Yoel Hanegbi, CEO of Eshone Energy, shares exciting news regarding the latest methods for School Districts to obtain funding for Solar Projects.
Many school districts are eager to Go Green and installing solar panels on their schools holds great interest for them. But in these tough economic times, many hesitate to pursue it further because they simply don’t have the financing available to get the project started. There are many incentives and rebates available, and some fortunate school districts find they can tap into State Modernization Grants to close the gap and fully fund the Solar Power System. Others put up a bond for voter approval specifically targeted for Solar Photovoltaic (PV) systems and other Renewable Energy applications. And still others are opting to go with Power Purchase Agreements (PPAs), though many would prefer to own the system on top of Going Green.
However, with Bonds, school districts generally end up paying back two and three times the face amount of bond dollars received. For any investment, interest rates are used to describe the cost of capital. For PV solar projects, the initial investment costs are the biggest cost factor so that the interest rate plays an important role in the overall costs of the project.
But if you act fast, you can get 0% or near 0% bonds the Federal Government is offering through the American Recovery and Reinvestment Act (ARRA).
These two bonds, Clean Renewable Energy Bonds (CREBs) and Qualified School Construction Bonds (QSCBs), allow school districts to pay off the bonds from the dollars they would have paid for their electricity consumption. Dollars that had previously been earmarked for the utility company is now designated for bond repayment and after 15 years, it’s paid off and then all that money can now be funneled back into the general fund!
- Clean Renewable Energy Bonds (CREBs) are a means to lower the cost of capital for renewable energy projects.
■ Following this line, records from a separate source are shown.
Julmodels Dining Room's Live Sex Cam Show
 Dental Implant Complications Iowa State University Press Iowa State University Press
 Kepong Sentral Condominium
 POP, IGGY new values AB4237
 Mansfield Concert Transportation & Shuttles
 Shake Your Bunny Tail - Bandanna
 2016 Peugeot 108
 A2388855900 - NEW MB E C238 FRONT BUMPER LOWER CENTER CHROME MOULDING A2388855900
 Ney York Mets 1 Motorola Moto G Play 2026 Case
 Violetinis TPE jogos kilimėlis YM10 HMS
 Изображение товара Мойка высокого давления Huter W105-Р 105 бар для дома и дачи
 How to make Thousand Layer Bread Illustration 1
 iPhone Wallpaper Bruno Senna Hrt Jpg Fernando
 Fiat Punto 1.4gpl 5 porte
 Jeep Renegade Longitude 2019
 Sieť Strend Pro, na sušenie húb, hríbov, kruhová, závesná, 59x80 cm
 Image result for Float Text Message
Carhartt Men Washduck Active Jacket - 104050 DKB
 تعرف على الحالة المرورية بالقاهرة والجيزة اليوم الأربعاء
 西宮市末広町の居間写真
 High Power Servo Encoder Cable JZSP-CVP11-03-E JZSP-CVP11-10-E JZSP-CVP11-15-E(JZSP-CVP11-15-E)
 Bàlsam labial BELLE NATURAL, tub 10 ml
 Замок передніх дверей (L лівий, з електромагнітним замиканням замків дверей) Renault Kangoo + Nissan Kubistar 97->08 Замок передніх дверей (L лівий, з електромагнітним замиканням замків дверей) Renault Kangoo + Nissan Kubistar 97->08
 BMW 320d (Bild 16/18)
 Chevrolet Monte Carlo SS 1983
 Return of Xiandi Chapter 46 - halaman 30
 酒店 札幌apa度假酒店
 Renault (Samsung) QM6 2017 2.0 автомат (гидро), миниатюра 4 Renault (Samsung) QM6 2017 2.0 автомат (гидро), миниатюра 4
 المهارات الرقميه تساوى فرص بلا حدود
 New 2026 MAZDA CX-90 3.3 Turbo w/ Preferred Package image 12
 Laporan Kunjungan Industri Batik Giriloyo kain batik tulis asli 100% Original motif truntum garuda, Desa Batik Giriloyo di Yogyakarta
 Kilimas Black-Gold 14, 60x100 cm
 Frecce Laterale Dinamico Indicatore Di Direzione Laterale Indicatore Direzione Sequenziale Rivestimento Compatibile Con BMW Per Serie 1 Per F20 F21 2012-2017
They can provide public entities with interest free – or near 0% interest - capital. Public entities can apply for those funds at the IRS for allocations. Once the public entity has received an allocation, a CREB can be issued to finance a PV Solar project. The ARRA has increased the allocation to provide $2.4 billion to finance qualified renewable energy facilities but have a deadline of 8-4-09 for 2009 so unless you’re already in the process of filling out the application (starting on page 21), it’s too late to file this year but now’s a good time to become familiar with the requirements for next year’s filing deadline.
With upfront costs being a major factor in the decision process, these two methods can significantly reduce that cost, making the decision to Go Green a responsible and affordable choice. Not to mention that you’ll be doing your part to stimulate the economy by creating jobs, which is the main thrust of the ARRA in the first place.